Exercise material
>>>

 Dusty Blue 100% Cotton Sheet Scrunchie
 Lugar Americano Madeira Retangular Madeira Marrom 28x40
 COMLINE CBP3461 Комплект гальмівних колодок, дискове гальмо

<<<
>>>

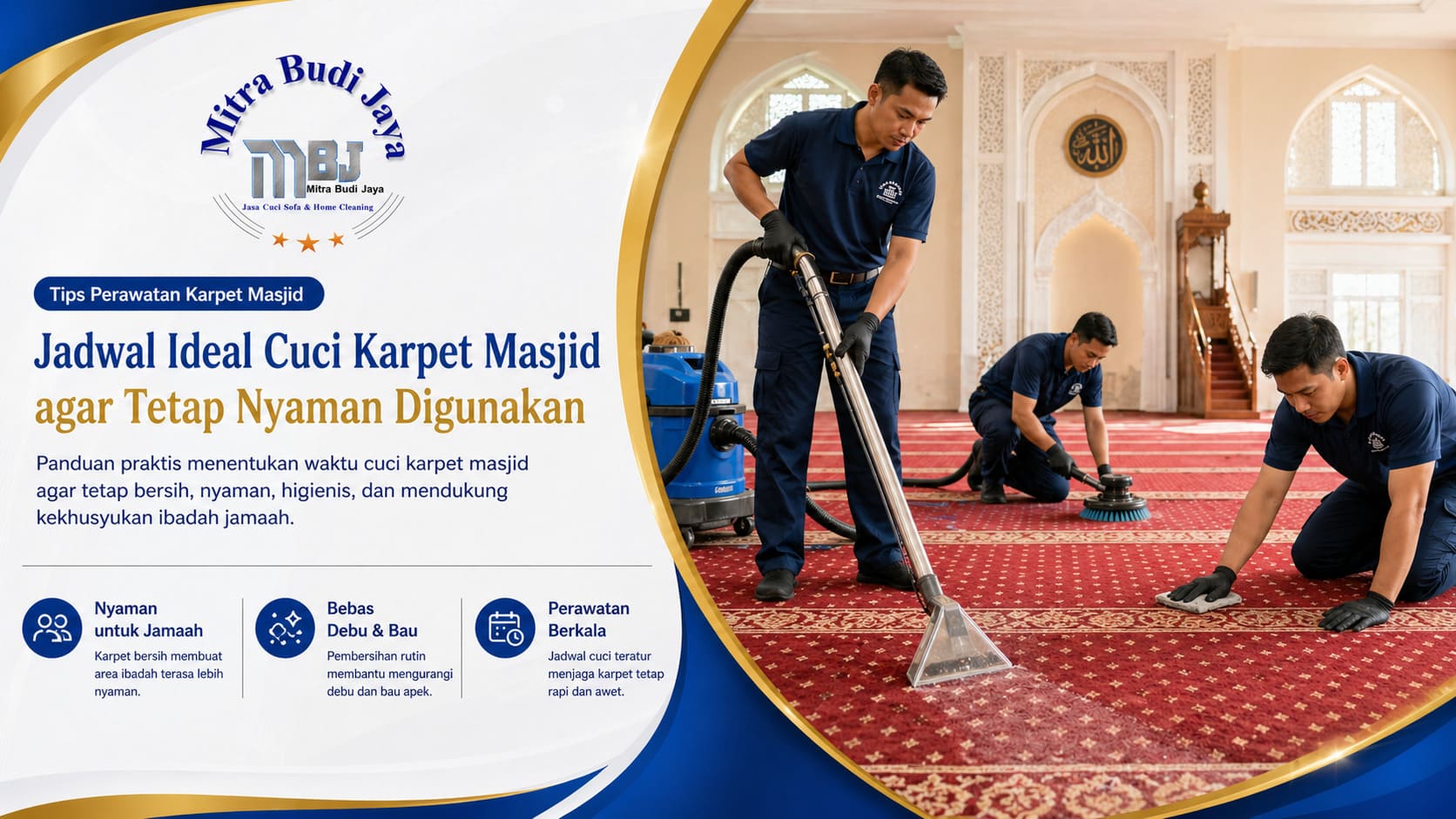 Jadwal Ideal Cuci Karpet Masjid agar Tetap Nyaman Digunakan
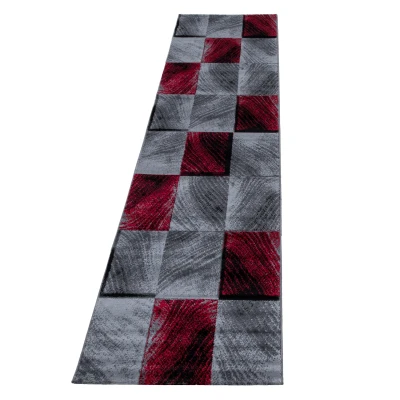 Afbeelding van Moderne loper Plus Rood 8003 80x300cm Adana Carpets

<<<
>>>

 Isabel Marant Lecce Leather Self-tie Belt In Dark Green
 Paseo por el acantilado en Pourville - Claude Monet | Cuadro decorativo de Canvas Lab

<<<

Directions
Among the entries above, locate the lines containing "Dusty Blue 100% Cotton Sheet Scrunchie" and "COMLINE CBP3461 Комплект", and transcribe exactly those two lines and all lines between.

Completed exercise
 Dusty Blue 100% Cotton Sheet Scrunchie
 Lugar Americano Madeira Retangular Madeira Marrom 28x40
 COMLINE CBP3461 Комплект гальмівних колодок, дискове гальмо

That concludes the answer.